Image-text web data:
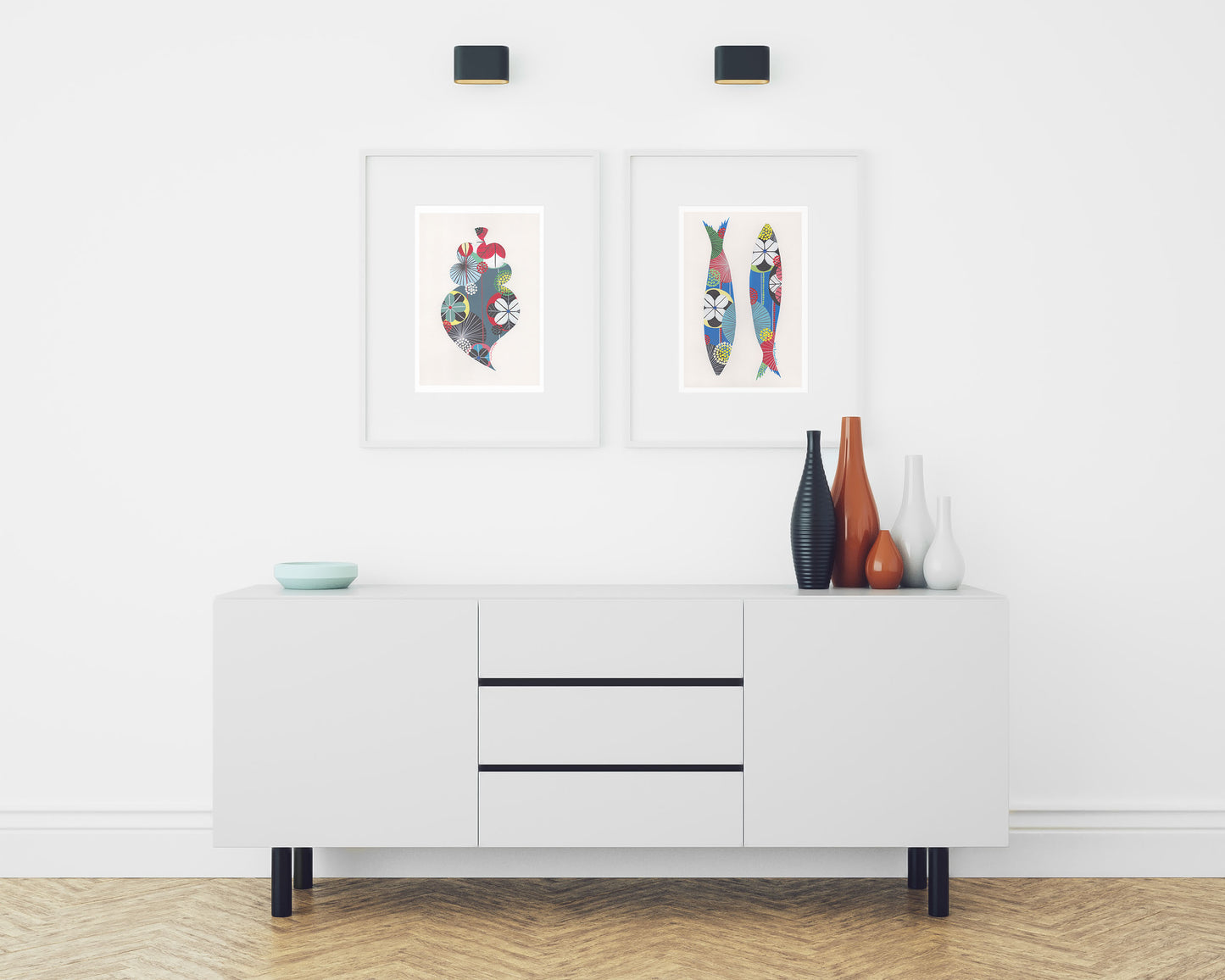 Two framed fine art prints, by Lis Gonçalves. Open edition, signed by the artist (printed in Hahnemühle matt fibre paper) featuring a colorful Portuguese Viana heart in a modern interior with a white sideboard and decorative vases.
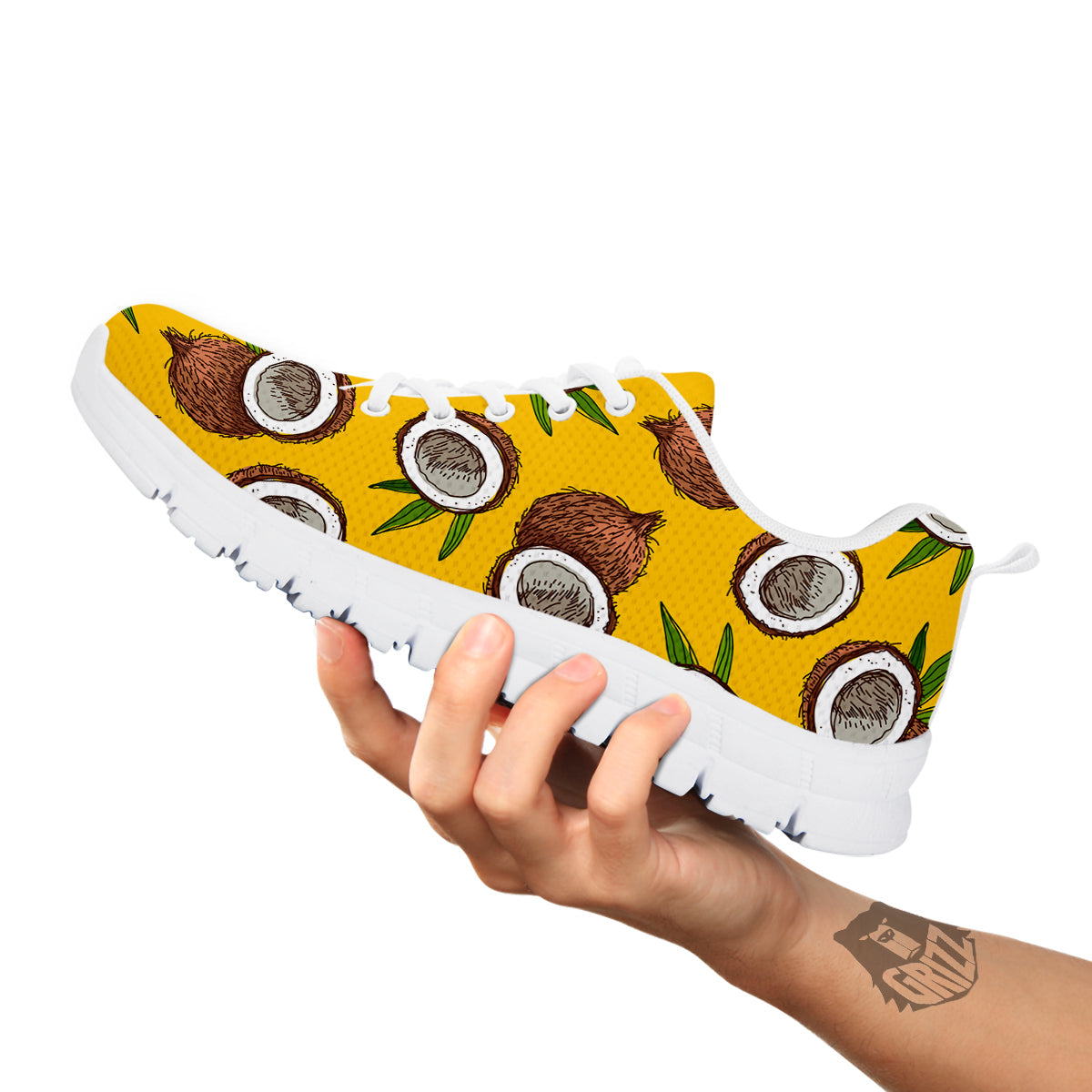 Coconut Yellow Print Pattern White Sneaker-grizzshop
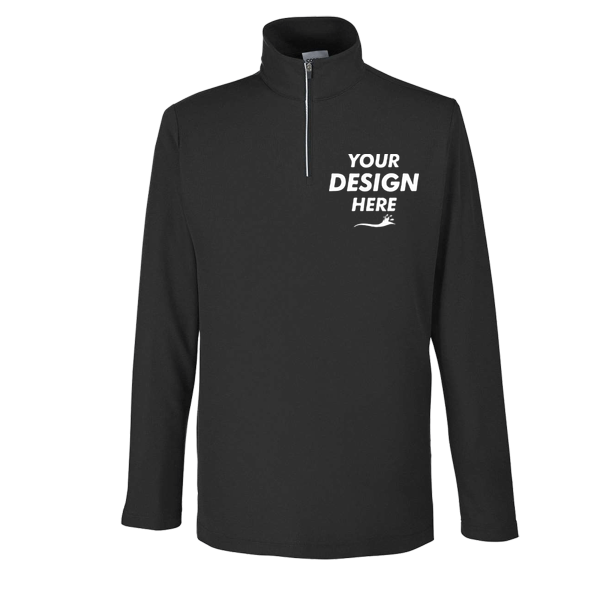 Core 365 Men's Fusion ChromaSoft™ Pique Quarter-Zip Pullover, Black, Front view, Mockup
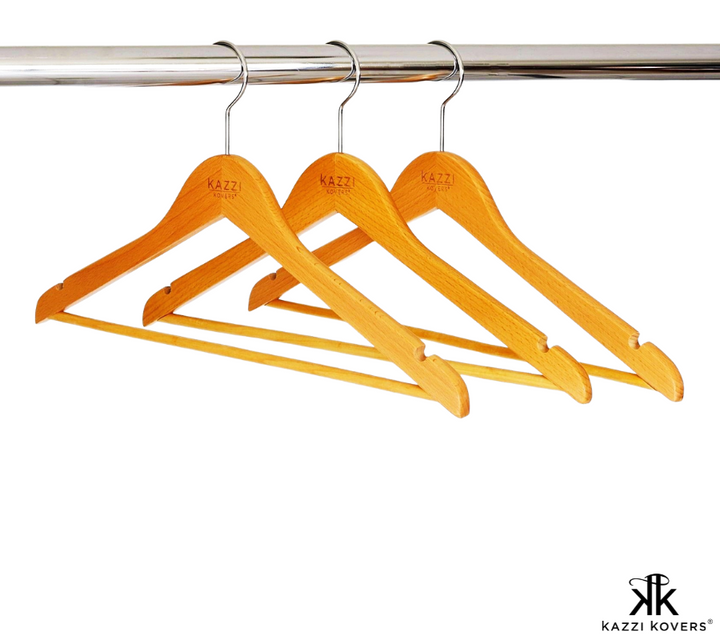Kazzi Kovers solid wood clothes hangers on rack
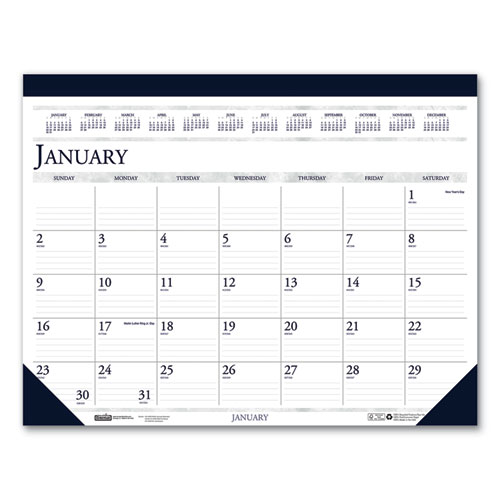 House of Doolittle™ Recycled Two-Color Perforated Monthly Desk Pad Calendar, 22 x 17, Blue Binding/Corners, 12-Month (Jan-Dec): 2024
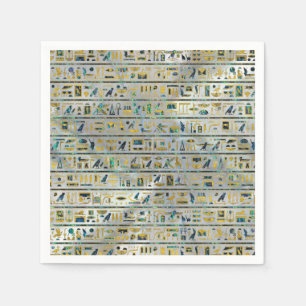 Serviette En Papier Hiéroglyphes égyptiens d'or et d'balone sur perle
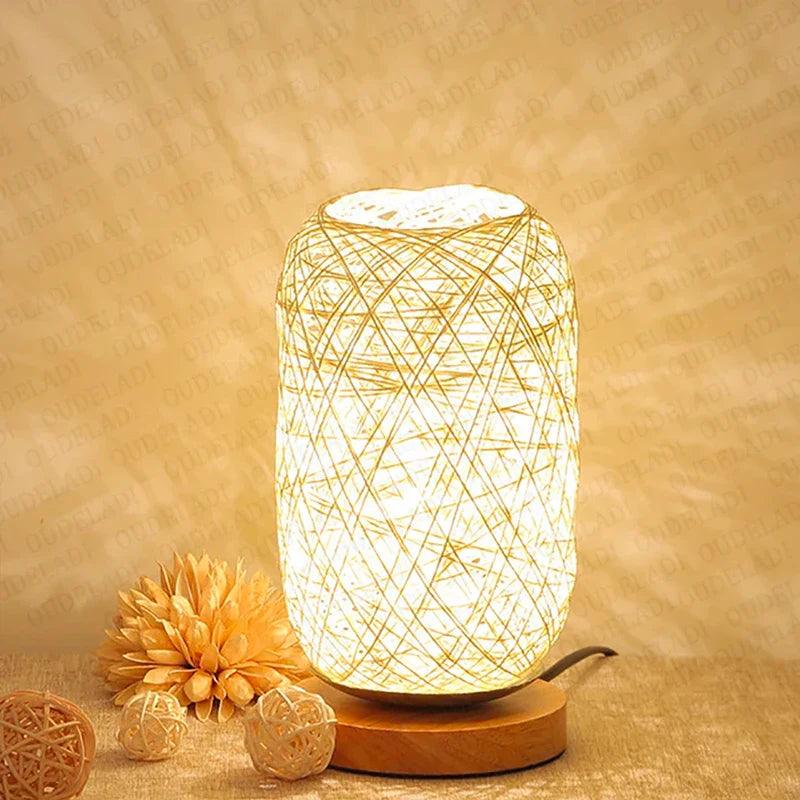 Rattan Table Lamp with Woven Rope Shade and Wooden Base – Cozy Bedside Lamp for Living Room and Bedroom 6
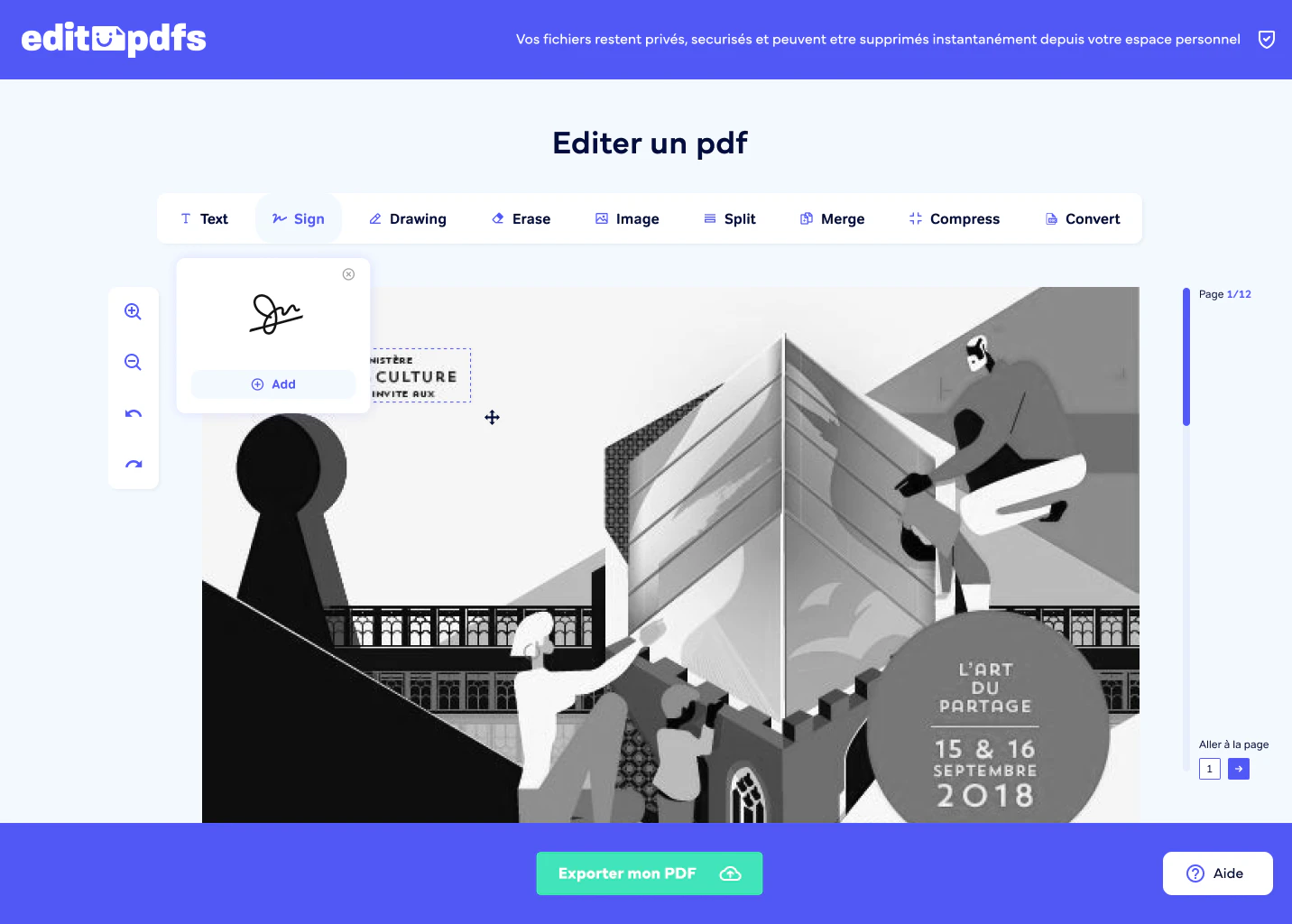 screenshot of Edit Pdfs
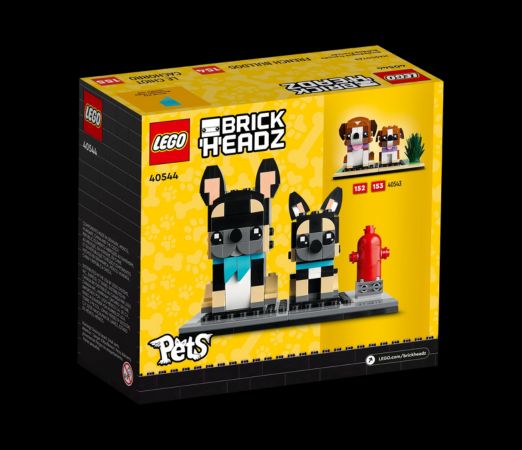 Lego box of French bulldog brickheadz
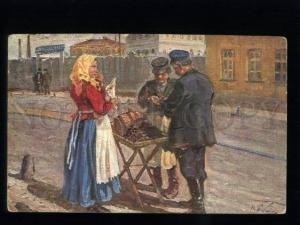 137469 RUSSIA Rural Woman Seller by BOSQUINE Boskin Vintage PC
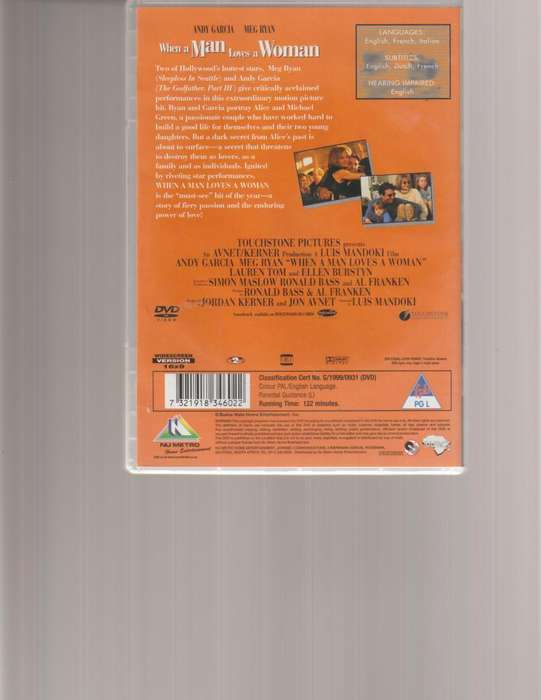 WHEN A MAN LOVES A WOMAN DVD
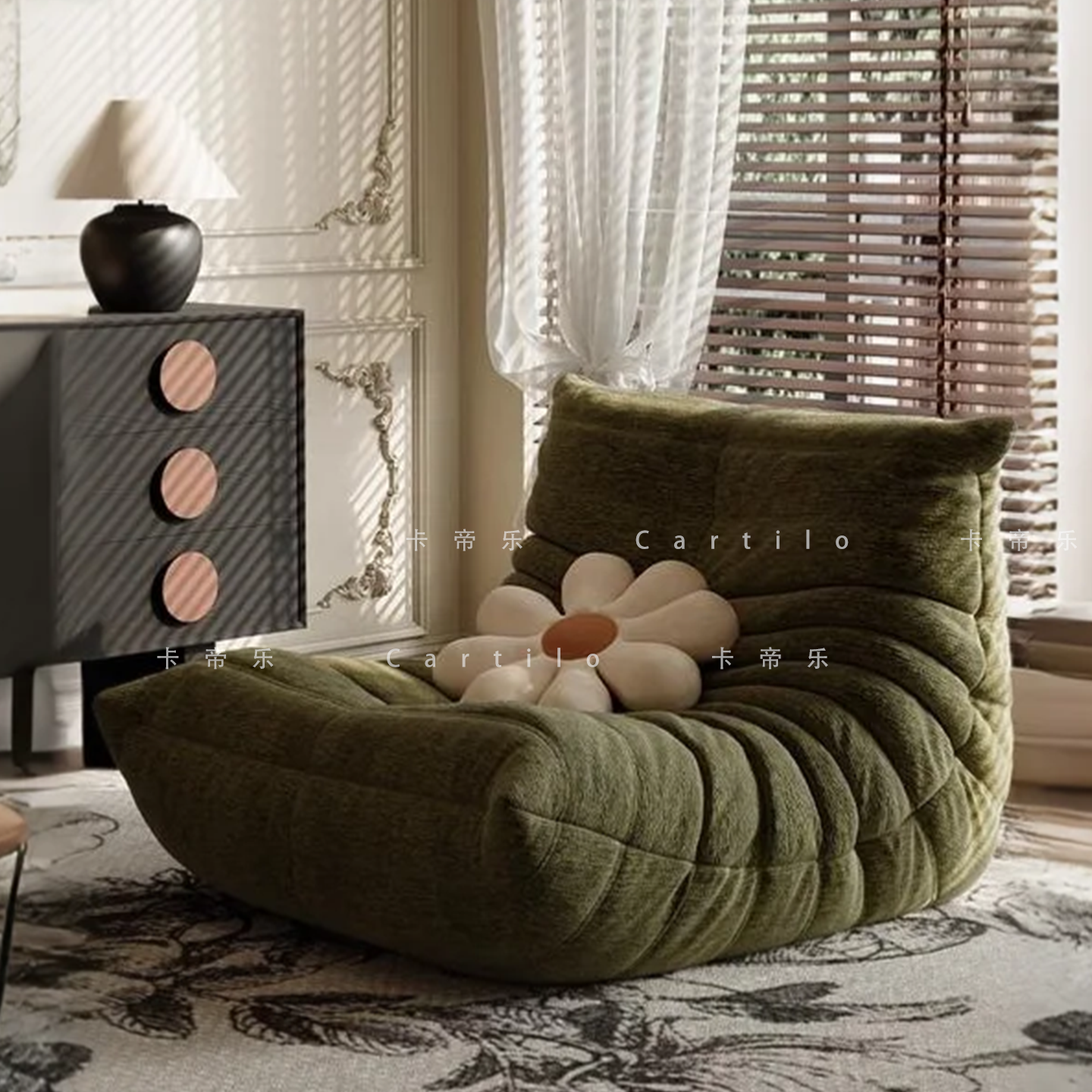 毛毛虫沙发togo休闲复古雪尼尔绒单人椅客厅可躺可睡躺卧懒人沙发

* _EXERCISE OBJECTIVE_
Without the pictures, transcribe exactly the lines above from the one containing "Rattan Table Lamp" through the last.

* _SOLUTION TO THE EXERCISE_
 Rattan Table Lamp with Woven Rope Shade and Wooden Base – Cozy Bedside Lamp for Living Room and Bedroom 6
 screenshot of Edit Pdfs
 Lego box of French bulldog brickheadz
 137469 RUSSIA Rural Woman Seller by BOSQUINE Boskin Vintage PC
 WHEN A MAN LOVES A WOMAN DVD
 毛毛虫沙发togo休闲复古雪尼尔绒单人椅客厅可躺可睡躺卧懒人沙发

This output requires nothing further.